EFI Terminology Explained Performance Improvements Canada Canadian

EFI Electronic Fuel Injection Terminology Explained

Whether you are ready to make the switch to Electronic Fuel Injection or if you are still considering the switch, there are several words and phrases that you will need to know. In this video Jason from FAST will explain some of the most common words and phrases used when talking about EFI systems.

ECU Electronic Control Unit

Electronic Fuel Injection, (or as it's more commonly called EFI) refers to the injection of fuel into the intake manifold by different types of fuel injectors, which is controlled by an ECU or Electronic Control Unit. The ECU is sometimes referred to as the box, or the computer, but basically it's the brains of an EFI system. Now let's take a look at some other terms often used in connection with EFI.

MAP Manifold Absolute Pressure

First up is MAP which stands for Manifold Absolute Pressure . The MAP Sensor measures the amount of vacuum pressure inside of a running engine. It then tells the ECU how much load is on the engine. In other words, how hard the engine is working. The information the sensor is picking up is important because the two pieces of data the ECU needs to work properly are RPM and Load.

Oxygen Sensor / 02 Sensor

Another valuable sensor in the EFI system is the Oxygen or 02 Sensor. What the 02 Sensor does is measures the air-fuel mixture in the exhaust system and correct any errors in its fuel decisions.

BPW Base Pulse Width

Up next is BPW or Base Pulse Width. Base Pulse Width is the amount of time an injector is opened by the ECU in one engine cycle. Once the ECU has calculated everything, BPW is the end result of how much fuel is actually put into the engine. If the ECU sees it needs to increase fuel, it does so by increasing Pulse Width. If it needs to decrease fuel, it decreases Pulse Width.

IDC Injector Duty Cycle

A term related to BPW is IDC or Injector Duty Cycle. IDC is the ratio of BPW compared to the total time of an engine cycle. IDC measures and indicates how much of an injectors capacity is being used in an engine. If an injector is at full capacity, it's a sure sign that the injector is too small.

IAC Idle Air Control

Another important EFI term is IAC or Idle Air Control. the IAC is an electronic valve that regulates a controlled vacuum leak. That controlled leak allows for great idle speed control and can maintain consistent idle speed under different loads. It also can raise or lower idle speed when needed.
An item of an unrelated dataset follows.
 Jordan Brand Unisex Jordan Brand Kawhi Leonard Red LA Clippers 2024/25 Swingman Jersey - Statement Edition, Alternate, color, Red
CAN Controller Area Network

Some EFI systems are equipped with a Controller Area Network or CAN. The Controller Area Network acts as a gateway, in that it allows the devices to communicate a large amount of information over a simple high speed to wire network. Since it provides data from all sensors, it eliminates most of the extra wiring necessary on vehicles not equipped with CAN.
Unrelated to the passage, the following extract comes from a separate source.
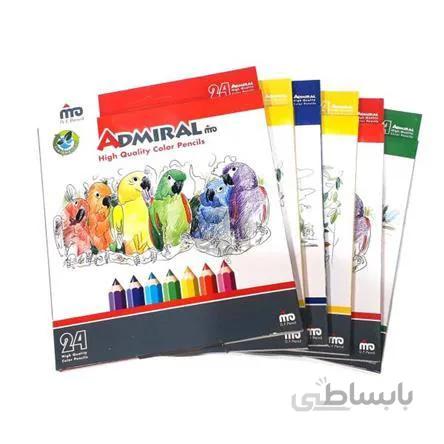 مداد رنگی 24رنگ مقوایی ادمیرال کد 761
TCU Transmission Control Unit

One of the primary components that uses CAN is the Transmission Control Unit or TCU. The TCU is similar to the ECU in that it's a computer, but the TCU only varies transmission behaviour. Things like vehicle speed, shift points, shift firmness, down shifting and torque converter lockup are some of the variables handled by the TCU and all of this info is a result of a CAN connection.
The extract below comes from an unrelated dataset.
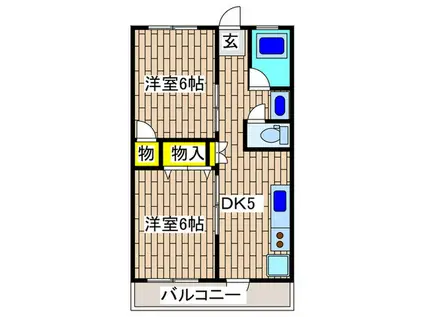 第三日経ビル(2DK/4階)の間取り写真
So let's review some of the EFI related terms we've covered today: MAP Manifold Absolute Pressure, 02 Sensors, BPW which is Base Pulse Width, IDC stands for Injector Duty Cycle, IAC is Idle Air Control, CAN the Controller Area Network and last is the TCU or Transmission Control Unit. We hope that with a better understanding of Electronic Fuel Injection your EFI setup will have you cruising in no time.